Butte has many prosperous-looking historic buildings, which can clarify why 1923, the prequel to the hit TV sequence Yellowstone, was filmed there. For dinner, I went to Casagranda’s Steakhouse, which occupies a 1900s brick warehouse on what appears like the sting of city. The rib eye—sourced, like all the restaurant’s beef, from ranches within the Rocky Mountains—was rubbed with a savory spice mix. The middle was medium uncommon, a garnet shade, and so tender I may minimize it with a fork. It might need been top-of-the-line steaks I’ve ever eaten.
The next day I drove a few half-hour north to the Grant-Kohrs Ranch Nationwide Historic Website. The Nationwide Park Basis purchased the land from Conrad Kohrs’s grandson within the early Seventies and it now operates as a working, Nineteenth-century-style cattle ranch with cows, chickens, and horses. “This space is a sea of grass,” a volunteer advised me. “Beef is about all you may develop.” Staffers and volunteers role-play as cowboys and camp cooks. As I sipped a powerful, sturdy espresso that was brewed over a smoky campfire, I used to be reminded {that a} scene from 1923 was shot there, with mountains as a backdrop.
Janie Osborne
Janie Osborne
Whereas cattle barons might appear to be a throwback, their spirits nonetheless rule in Massive Sky Nation. Sprawling ranches are dotted with lots of of Hereford, shorthorn, and longhorn cattle and the cowboys who herd them. Cowboy tradition persists, although it has been modernized with issues like microchipped cows and GPS trackers; it gained’t be lengthy, they are saying, earlier than drones will do the herding.
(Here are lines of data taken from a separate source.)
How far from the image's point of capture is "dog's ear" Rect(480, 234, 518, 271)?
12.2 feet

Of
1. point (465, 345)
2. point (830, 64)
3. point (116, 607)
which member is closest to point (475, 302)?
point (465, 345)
Ranch possession has modified, as properly. Montana’s wide-open areas have exerted a strong pull on rich out-of-staters; Tom Brokaw, David Letterman, and Rupert Murdoch are amongst those that personal trophy spreads.
Although they face their share of challenges, smaller household ranches survive and are on the lookout for methods to thrive. On my final day, I drove to Helena, Montana’s capital, the place I met Cole Mannix, cofounder and president of the Previous Salt Co-Op, a meat provider that sources beef from 5 native farms, together with his household’s ranch within the Blackfoot Valley.
Janie Osborne
Through the pandemic, Mannix advised me, with meatpacking employees falling ailing and eating places closing, the provision chain for cattle processing broke down. Rising land costs and competitors from cheaper overseas beef had already been challenges. Mannix and different ranching households determined it was time to eradicate the intermediary and promote their beef on their very own. Right this moment, a lot of what they increase is offered in Montana.
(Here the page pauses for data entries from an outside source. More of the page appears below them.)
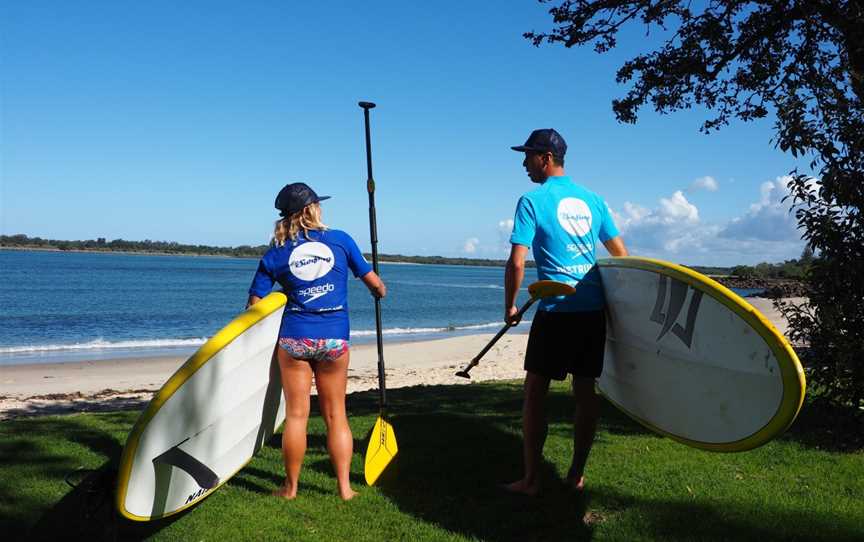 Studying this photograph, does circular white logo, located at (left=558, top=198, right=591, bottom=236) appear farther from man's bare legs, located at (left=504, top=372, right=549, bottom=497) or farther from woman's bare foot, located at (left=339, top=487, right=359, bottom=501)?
woman's bare foot, located at (left=339, top=487, right=359, bottom=501)

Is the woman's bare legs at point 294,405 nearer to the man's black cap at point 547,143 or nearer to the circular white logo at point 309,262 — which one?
the circular white logo at point 309,262

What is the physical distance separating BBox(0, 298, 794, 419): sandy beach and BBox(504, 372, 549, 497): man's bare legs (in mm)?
7835

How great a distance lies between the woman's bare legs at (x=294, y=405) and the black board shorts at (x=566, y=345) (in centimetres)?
134

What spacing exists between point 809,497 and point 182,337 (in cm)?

Mannix additionally owns and runs two eating places, together with the Previous Salt Outpost, a small burger store contained in the Gold Bar saloon in downtown Helena. The burgers are made with grass-fed beef raised by the native ranches; the potatoes, from a farm 60 miles away, are fried in beef fats.
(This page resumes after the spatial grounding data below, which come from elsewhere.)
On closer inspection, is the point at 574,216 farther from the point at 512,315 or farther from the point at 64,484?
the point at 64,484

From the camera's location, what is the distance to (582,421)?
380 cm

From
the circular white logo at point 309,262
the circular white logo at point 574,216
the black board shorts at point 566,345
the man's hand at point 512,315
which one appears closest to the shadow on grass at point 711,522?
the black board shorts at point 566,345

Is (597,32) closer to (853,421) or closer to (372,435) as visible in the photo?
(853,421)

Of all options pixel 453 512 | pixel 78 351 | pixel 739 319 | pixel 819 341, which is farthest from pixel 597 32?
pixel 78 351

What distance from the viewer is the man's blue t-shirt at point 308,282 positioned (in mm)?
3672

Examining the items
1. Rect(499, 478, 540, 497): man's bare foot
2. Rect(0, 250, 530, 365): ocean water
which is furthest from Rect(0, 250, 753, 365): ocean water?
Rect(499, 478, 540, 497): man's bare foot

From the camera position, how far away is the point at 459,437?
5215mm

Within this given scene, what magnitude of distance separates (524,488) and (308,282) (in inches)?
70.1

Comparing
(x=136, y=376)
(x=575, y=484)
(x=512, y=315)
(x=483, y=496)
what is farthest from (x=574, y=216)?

Throughout the road is Mannix’s second restaurant, the Union, a contemporary wood-fired grill and butcher store with meat sourced from the ranches within the Previous Salt Co-Op. It serves completely different steak cuts nightly. I ordered the well-marbled rib eye, medium uncommon, smothered in marrow butter with a aspect of smashed purple potatoes. It was, in a phrase, scrumptious. And realizing it was half of a centuries-long custom on the prairies of Montana made it style even higher.
Janie Osborne
A model of this story first appeared within the Could 2025 situation of Journey + Leisure underneath the headline “A Style of the Previous West.”